**** Task data ****

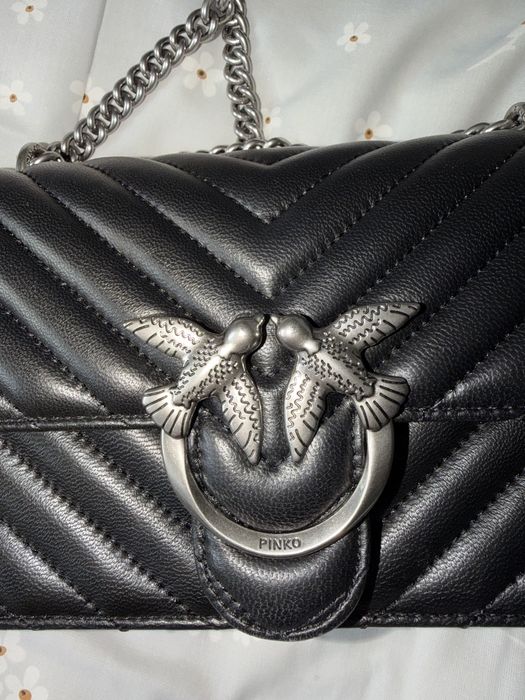 Torebka skórzana pinko crossbody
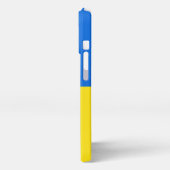 ウクライナ国旗 – 平和の鳩 – 自由 – 平和 iPhoneケース (左側面)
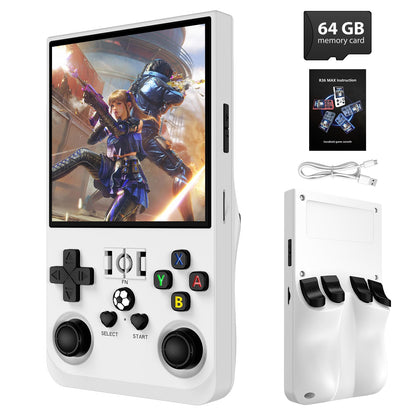 R36MAX Retro Handheld Game Console, 4.0 Inch IPS Screen Retro Gaming Console,Linux System, 4000mAh Battery Portable Pocket Mini Arcade, Built-in 128G,Retro Black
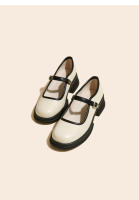 Nuevo Four Seasons Commuter francés boca ligera plataforma tacón zapatos de las mujeres británico pequeño zapatos de cuero - details 30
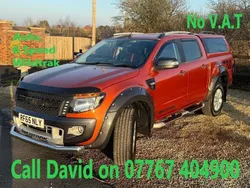 Orange Used 2015 Ford Ranger Wildtrack Pickup | £14,750 (Good price)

****

§ Assignment
Return every entry word for word, leaving the pictures out.

§ Solution
 Torebka skórzana pinko crossbody
 ウクライナ国旗 – 平和の鳩 – 自由 – 平和 iPhoneケース (左側面)
 R36MAX Retro Handheld Game Console, 4.0 Inch IPS Screen Retro Gaming Console,Linux System, 4000mAh Battery Portable Pocket Mini Arcade, Built-in 128G,Retro Black
 Nuevo Four Seasons Commuter francés boca ligera plataforma tacón zapatos de las mujeres británico pequeño zapatos de cuero - details 30
 Orange Used 2015 Ford Ranger Wildtrack Pickup | £14,750 (Good price)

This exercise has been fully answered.